Chapter 14, Problem 14.96QP

Interpretation Introduction

Interpretation:

The equilibrium composition of the given mixture has to be found.

Concept introduction:

Equilibrium constant $\left({\text{K}}_{\text{c}}\right)$: A system is said to be in equilibrium when all the measurable properties of the system remains unchanged with the time.  Equilibrium constant is the ratio of the rate constants of the forward and reverse reactions at a given temperature.  In other words it is the ratio of the concentrations of the products to concentrations of the reactants.  Each concentration term is raised to a power, which is same as the coefficients in the chemical reaction.

Consider the reaction where the reactant A is giving product B.

$\text{A}\rightleftharpoons \text{B}$

$\begin{array}{l}\text{Rate of forward reaction = Rate of reverse reaction}\\ {\text{k}}_{\text{f}}\left[\text{A}\right]{\text{=k}}_{\text{r}}\left[\text{B}\right]\end{array}$

On rearranging,

$\frac{\left[\text{A}\right]}{\left[\text{B}\right]}\text{=}\frac{{\text{k}}_{\text{f}}}{{\text{k}}_{\text{r}}}={\text{K}}_{\text{c}}$

Where,

${\text{k}}_f$ is the rate constant of the forward reaction.

${\text{k}}_r$ is the rate constant of the reverse reaction.

$K_c$ is the equilibrium constant.

Answer to Problem 14.96QP

The equilibrium mixture contains $0.87\text{mol}{\text{N}}_2$, $3.62\text{mol}{\text{H}}_{\text{2}}$ and $0.125\text{mol}{\text{NH}}_3$

Explanation of Solution

 Explanation:

Given,

The equilibrium constant ${\text{K}}_{\text{c}}=0.153$

The initial amount of ${\text{N}}_{\text{2}}\text{=}\text{1}\text{.00 mol}$

The initial amount of ${\text{H}}_{\text{2}}\text{=}4.\text{00 mol}$

The volume of the vessel $\text{=}10.0\text{L}$

To find initial concentration of reactants

The initial concentrations of the gaseous reactants are found as given below.

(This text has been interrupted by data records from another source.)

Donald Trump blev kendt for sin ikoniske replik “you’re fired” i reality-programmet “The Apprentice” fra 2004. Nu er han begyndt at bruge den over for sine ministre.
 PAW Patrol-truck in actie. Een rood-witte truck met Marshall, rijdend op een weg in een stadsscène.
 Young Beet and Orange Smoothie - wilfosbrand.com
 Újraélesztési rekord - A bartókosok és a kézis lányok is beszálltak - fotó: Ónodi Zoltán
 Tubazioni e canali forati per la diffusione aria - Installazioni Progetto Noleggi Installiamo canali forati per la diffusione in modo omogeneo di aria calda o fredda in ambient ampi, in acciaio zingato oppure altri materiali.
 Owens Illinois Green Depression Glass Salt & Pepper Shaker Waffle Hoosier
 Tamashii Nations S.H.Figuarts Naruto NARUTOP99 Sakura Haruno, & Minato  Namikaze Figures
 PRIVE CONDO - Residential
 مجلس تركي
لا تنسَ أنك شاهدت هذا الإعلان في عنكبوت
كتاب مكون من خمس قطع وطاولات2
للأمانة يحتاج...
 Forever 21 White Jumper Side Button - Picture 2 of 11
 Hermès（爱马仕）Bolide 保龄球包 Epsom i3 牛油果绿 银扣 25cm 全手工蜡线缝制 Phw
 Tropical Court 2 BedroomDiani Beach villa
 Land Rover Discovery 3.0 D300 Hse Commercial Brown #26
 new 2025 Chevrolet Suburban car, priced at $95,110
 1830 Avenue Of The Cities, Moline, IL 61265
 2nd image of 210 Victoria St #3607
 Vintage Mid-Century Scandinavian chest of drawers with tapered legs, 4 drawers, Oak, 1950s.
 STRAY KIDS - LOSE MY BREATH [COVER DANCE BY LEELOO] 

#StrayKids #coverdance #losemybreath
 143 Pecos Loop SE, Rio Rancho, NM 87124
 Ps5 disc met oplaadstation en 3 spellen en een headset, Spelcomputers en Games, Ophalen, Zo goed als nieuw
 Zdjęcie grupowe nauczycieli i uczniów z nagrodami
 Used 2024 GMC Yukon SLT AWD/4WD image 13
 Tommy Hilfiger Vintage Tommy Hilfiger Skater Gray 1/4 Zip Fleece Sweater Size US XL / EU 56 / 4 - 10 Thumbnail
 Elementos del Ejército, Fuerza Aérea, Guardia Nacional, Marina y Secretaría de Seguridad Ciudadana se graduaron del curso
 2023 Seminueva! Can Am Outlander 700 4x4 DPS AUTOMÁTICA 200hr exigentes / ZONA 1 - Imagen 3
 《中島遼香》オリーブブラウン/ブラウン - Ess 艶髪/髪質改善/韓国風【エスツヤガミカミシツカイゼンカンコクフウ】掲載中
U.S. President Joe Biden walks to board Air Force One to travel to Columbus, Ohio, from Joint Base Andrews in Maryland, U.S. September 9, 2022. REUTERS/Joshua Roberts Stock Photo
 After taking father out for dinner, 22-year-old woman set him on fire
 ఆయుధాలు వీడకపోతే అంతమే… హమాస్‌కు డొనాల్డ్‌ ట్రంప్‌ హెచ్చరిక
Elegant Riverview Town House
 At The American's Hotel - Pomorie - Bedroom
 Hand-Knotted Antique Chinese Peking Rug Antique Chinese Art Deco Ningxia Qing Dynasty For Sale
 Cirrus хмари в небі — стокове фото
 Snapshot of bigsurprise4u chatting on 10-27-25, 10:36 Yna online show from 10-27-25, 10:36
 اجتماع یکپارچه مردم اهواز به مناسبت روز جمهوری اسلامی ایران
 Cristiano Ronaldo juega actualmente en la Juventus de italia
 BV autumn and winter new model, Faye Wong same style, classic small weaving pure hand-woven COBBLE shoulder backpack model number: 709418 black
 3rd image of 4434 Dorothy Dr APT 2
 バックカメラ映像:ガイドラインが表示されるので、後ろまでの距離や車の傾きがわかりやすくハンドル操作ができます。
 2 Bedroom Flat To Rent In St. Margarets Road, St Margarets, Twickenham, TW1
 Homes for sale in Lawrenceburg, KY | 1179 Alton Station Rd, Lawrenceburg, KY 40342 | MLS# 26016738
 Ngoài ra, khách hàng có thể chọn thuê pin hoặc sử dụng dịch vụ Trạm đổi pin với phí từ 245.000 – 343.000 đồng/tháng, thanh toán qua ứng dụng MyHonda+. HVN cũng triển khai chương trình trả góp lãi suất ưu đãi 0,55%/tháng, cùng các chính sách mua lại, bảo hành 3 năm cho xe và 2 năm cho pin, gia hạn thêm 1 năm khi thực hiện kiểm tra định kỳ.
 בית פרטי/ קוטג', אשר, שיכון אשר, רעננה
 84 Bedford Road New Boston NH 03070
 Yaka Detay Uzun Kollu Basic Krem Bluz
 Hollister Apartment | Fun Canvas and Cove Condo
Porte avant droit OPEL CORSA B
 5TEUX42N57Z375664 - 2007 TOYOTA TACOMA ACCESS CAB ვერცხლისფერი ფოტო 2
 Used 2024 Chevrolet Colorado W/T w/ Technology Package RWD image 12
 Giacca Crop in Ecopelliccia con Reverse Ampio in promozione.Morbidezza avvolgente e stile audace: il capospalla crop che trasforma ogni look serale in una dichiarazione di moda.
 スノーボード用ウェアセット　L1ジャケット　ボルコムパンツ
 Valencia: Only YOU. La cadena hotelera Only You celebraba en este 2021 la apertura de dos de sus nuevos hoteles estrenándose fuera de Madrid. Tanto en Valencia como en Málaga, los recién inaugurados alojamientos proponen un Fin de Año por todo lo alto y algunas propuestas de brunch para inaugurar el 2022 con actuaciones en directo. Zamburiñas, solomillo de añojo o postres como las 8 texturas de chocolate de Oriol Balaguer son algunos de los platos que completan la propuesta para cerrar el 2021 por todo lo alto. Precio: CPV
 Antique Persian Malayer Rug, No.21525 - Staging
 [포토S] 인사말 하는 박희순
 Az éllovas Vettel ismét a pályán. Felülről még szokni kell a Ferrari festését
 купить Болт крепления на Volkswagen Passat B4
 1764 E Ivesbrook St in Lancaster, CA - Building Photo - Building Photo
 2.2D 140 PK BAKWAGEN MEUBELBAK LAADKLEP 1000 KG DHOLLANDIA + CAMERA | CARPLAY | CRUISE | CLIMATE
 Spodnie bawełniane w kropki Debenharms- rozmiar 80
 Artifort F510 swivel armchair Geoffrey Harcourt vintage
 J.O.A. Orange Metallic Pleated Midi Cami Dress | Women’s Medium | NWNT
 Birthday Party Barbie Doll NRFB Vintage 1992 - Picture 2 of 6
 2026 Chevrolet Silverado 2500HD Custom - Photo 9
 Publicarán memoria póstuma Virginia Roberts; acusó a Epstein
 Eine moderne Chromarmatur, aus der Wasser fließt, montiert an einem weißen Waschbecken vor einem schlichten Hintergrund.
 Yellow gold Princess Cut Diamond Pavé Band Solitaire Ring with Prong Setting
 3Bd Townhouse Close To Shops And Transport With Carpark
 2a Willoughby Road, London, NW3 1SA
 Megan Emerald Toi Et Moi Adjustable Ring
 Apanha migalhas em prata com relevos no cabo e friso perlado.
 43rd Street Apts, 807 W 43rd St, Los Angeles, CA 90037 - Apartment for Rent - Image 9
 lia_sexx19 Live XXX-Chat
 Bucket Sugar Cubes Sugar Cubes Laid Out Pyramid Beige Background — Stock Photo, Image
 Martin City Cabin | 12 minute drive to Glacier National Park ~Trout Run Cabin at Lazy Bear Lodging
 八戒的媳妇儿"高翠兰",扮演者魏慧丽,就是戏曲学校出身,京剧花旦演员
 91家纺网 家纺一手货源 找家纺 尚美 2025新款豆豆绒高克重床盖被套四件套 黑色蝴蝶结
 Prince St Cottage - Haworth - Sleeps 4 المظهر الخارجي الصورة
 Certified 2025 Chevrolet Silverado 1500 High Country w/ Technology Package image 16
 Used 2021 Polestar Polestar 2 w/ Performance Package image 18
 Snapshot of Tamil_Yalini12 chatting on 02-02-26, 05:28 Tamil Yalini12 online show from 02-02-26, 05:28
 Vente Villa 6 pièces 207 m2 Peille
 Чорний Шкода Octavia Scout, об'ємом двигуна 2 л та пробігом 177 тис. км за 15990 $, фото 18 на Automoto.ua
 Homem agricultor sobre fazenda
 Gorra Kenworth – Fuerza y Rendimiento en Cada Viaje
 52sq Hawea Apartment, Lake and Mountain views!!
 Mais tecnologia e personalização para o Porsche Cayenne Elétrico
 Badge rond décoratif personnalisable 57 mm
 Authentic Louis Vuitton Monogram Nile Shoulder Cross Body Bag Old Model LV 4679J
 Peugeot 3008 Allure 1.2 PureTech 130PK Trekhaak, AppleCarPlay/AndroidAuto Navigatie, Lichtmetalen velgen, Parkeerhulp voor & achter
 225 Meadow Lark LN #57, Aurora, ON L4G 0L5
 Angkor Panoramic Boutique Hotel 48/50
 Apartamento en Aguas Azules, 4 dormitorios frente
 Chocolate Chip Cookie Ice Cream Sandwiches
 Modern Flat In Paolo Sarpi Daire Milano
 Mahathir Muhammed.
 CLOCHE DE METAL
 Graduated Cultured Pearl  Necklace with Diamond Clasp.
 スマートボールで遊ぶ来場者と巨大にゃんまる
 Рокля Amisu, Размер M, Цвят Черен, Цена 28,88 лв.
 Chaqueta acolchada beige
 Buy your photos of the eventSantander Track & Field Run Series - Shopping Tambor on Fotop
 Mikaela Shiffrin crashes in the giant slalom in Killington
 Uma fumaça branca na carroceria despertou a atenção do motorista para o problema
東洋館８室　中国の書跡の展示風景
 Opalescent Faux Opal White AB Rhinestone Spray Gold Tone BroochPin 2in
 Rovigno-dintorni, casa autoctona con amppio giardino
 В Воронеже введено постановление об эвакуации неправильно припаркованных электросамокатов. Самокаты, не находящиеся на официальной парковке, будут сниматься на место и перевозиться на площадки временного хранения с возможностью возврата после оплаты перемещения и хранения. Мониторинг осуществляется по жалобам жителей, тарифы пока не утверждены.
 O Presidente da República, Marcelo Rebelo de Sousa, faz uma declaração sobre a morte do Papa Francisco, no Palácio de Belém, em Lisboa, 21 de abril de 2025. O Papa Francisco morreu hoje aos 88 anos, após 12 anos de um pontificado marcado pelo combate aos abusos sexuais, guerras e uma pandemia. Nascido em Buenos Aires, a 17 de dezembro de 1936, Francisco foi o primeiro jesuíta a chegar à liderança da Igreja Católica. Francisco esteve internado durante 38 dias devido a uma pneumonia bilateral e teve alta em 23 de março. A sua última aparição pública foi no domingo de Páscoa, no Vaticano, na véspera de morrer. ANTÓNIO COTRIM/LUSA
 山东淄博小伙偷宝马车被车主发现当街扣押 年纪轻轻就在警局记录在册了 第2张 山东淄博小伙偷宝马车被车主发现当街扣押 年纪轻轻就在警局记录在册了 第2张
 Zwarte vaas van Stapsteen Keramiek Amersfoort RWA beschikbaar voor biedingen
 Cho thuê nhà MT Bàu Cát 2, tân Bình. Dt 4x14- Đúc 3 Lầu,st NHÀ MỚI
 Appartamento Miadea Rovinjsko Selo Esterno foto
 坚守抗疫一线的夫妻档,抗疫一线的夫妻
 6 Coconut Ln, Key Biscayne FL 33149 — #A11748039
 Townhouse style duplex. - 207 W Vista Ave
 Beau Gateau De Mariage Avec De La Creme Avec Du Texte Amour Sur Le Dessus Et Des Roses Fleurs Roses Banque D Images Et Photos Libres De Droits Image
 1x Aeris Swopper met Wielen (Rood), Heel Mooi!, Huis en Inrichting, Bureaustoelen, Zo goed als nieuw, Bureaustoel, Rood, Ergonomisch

$\begin{array}{l}\text{Initial concentration of}{N}_2\text{=}\frac{\text{Num of moles}}{\text{Volume}}\\ =\frac{\text{1}\text{.00mol}}{\text{10}\text{.00L}}\\ =0.100\text{M}\end{array}$

$\begin{array}{l}\text{Initial concentration of}{\text{H}}_{\text{2}}\text{=}\frac{\text{Num of moles}}{\text{Volume}}\\ =\frac{\text{4}\text{.00mol}}{\text{10}\text{.00L}}\\ =0.400\text{M}\end{array}$

To find the equilibrium composition.

Using the table approach, the equilibrium concentrations of the reactants and the products can be found.

$\text{Amount}\text{(M)}{\text{N}}_{\text{2(g)}}+{\text{3H}}_{\text{2(g)}}\rightleftharpoons {\text{2NH}}_3{}_{\text{(g)}}$

$\begin{array}{l}\text{Initial}0.1000.400\rightleftharpoons \text{0}\\ \text{Change}\text{-x}-3x\rightleftharpoons +2x\\ \text{Equillibrium}\left(0.100-x\right)\left(0.400-3x\right)\rightleftharpoons x\end{array}$

The equilibrium concentration values are then substituted into the equilibrium expression to get the change in concentration x.

${\text{K}}_{\text{c}}\text{=}\frac{{\left[{\text{NH}}_{\text{3}}\right]}^{\text{2}}}{\left[{\text{N}}_{\text{2}}\right]{\left[{\text{H}}_{\text{2}}\right]}^{\text{3}}}$

$0.153=\frac{{\left(2x\right)}^2}{(0.100-x){(0.400-3x)}^2}$

Given,

$f(x)=0.153$

Or

$f(x)=\frac{{\left(2x\right)}^2}{(0.100-x){(0.400-3x)}^2}=0.153$

The unknown value x is then calculated by guessing various values.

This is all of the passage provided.